#### Instructions for the task:
Beginning with the line where "Klassische schwarz-weiße Plateau-Sneaker" appears, repeat every remaining line of the entries exactly, the last line included.

#### Provided information:

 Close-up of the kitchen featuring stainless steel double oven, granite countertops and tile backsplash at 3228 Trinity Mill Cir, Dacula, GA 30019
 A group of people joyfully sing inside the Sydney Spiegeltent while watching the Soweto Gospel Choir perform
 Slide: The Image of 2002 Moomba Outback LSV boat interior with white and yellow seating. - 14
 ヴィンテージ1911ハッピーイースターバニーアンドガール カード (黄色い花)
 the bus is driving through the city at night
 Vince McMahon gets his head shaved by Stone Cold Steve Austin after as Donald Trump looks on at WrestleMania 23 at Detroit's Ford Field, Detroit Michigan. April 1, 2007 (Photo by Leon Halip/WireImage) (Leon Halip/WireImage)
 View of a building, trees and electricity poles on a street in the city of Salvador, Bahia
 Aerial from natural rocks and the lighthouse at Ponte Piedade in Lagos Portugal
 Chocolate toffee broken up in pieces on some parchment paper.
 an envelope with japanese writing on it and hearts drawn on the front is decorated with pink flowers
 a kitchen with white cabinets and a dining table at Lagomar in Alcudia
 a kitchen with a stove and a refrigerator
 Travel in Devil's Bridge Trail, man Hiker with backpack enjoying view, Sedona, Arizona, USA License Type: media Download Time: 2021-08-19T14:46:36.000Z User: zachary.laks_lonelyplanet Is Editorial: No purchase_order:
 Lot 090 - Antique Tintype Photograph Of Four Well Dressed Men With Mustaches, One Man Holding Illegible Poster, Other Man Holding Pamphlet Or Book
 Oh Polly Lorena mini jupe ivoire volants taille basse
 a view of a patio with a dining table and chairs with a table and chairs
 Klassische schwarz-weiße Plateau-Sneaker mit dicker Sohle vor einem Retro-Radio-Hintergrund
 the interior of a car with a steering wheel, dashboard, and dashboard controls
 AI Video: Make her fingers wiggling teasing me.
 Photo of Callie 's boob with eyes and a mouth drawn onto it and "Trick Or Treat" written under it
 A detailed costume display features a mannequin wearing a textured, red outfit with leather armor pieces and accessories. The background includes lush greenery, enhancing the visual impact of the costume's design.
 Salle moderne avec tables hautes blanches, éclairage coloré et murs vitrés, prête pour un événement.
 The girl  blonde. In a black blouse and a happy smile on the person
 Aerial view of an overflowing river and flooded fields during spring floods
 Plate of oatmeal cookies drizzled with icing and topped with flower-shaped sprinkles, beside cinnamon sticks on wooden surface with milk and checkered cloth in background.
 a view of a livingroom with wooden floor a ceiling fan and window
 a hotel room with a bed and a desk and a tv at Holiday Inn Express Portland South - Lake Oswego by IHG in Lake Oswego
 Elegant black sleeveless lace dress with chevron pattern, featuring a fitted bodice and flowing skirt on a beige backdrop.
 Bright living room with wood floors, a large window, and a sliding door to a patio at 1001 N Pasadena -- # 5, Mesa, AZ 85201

#### Problem solution:
 Klassische schwarz-weiße Plateau-Sneaker mit dicker Sohle vor einem Retro-Radio-Hintergrund
 the interior of a car with a steering wheel, dashboard, and dashboard controls
 AI Video: Make her fingers wiggling teasing me.
 Photo of Callie 's boob with eyes and a mouth drawn onto it and "Trick Or Treat" written under it
 A detailed costume display features a mannequin wearing a textured, red outfit with leather armor pieces and accessories. The background includes lush greenery, enhancing the visual impact of the costume's design.
 Salle moderne avec tables hautes blanches, éclairage coloré et murs vitrés, prête pour un événement.
 The girl  blonde. In a black blouse and a happy smile on the person
 Aerial view of an overflowing river and flooded fields during spring floods
 Plate of oatmeal cookies drizzled with icing and topped with flower-shaped sprinkles, beside cinnamon sticks on wooden surface with milk and checkered cloth in background.
 a view of a livingroom with wooden floor a ceiling fan and window
 a hotel room with a bed and a desk and a tv at Holiday Inn Express Portland South - Lake Oswego by IHG in Lake Oswego
 Elegant black sleeveless lace dress with chevron pattern, featuring a fitted bodice and flowing skirt on a beige backdrop.
 Bright living room with wood floors, a large window, and a sliding door to a patio at 1001 N Pasadena -- # 5, Mesa, AZ 85201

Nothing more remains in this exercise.